If they dont replace them under warranty try this link:
http://www.wheelrefurbishing.co.uk/pricelist.htm

I had them refurb a wheel, they said they could repair dents and Straighten wheels, might be worth a thought.


----------



## jonno (May 7, 2002)

Thanks CLK
Once it was spun-up on the balancer there was no way I was going to put it back on - totally egg shaped and completely shot.
Can't understand how it didn't feedback more it was so bad...


----------



## dimitt (Apr 21, 2004)

jonno,

Have u had the shockes checked too?


----------



## jonno (May 7, 2002)

dimitt said:


> jonno,
> 
> Have u had the shockes checked too?


Not yet m8, but I will tomorrow
Be really surprised it they're shot @ 2 ys and 25k miles tho. :roll:


----------



## jampott (Sep 6, 2003)

To be honest, I'm not really surprised.

My Ronals (same manufacturer that Audi use for their 17", and maybe the 18"s as well, I'm not sure) were incredibly buckled after a while. Granted, I did have to replace one, as I hit a particularly large pothole and damaged the wheel so badly that both it and the tyre needed replacing (it let the air out of the tyre!)

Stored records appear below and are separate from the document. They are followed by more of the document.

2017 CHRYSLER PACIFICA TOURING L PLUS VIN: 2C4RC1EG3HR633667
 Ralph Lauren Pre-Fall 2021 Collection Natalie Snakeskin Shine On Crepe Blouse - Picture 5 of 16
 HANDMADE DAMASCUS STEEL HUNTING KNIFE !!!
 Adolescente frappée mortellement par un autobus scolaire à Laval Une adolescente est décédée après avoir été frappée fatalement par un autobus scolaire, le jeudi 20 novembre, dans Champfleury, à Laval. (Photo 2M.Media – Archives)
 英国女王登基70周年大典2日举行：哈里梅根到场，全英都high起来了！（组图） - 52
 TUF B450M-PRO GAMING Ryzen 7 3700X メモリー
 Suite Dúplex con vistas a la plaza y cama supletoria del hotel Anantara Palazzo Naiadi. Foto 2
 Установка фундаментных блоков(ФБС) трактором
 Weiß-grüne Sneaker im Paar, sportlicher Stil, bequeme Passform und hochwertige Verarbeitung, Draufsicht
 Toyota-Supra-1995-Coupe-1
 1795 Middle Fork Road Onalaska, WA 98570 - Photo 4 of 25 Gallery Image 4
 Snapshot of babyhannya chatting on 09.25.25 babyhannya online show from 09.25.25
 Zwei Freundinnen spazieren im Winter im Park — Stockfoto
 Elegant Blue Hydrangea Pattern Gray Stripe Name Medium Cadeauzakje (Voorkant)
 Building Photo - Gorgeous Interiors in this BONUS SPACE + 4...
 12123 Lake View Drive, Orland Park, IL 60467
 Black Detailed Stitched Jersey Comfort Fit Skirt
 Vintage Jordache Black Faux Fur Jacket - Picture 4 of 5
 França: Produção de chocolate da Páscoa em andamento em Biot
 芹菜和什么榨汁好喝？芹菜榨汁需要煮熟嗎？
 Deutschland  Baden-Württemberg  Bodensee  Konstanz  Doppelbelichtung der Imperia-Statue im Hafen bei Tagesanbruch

I took the worst one to a "magic" tyre guy who I was told was THE best in the business at repairing buckled wheels. He simply didn't know where to start, and it simply wasn't worth parting with my cash as he couldn't guarantee any sort of job...

It maybe has less to do with the manufacturer, and more to do with the low profile tyres and bad UK roads.

Luckily my Ronals were about Â£130 a piece delivered from Germany, so were generally as cheap as the tyres to replace... and I considered them a "throwaway" item.

Lucky for you if the dealer pays out - but I fear the same will happen to many 18" wheels shod with 40 profile tyres on the naff roads in this country. Why else do people have to specially adapt the suspension in their model range to cope with the UK roads?


----------



## stgeorgex997 (Feb 25, 2004)

I wonder if the ba$**rd speed hump played it's part in this??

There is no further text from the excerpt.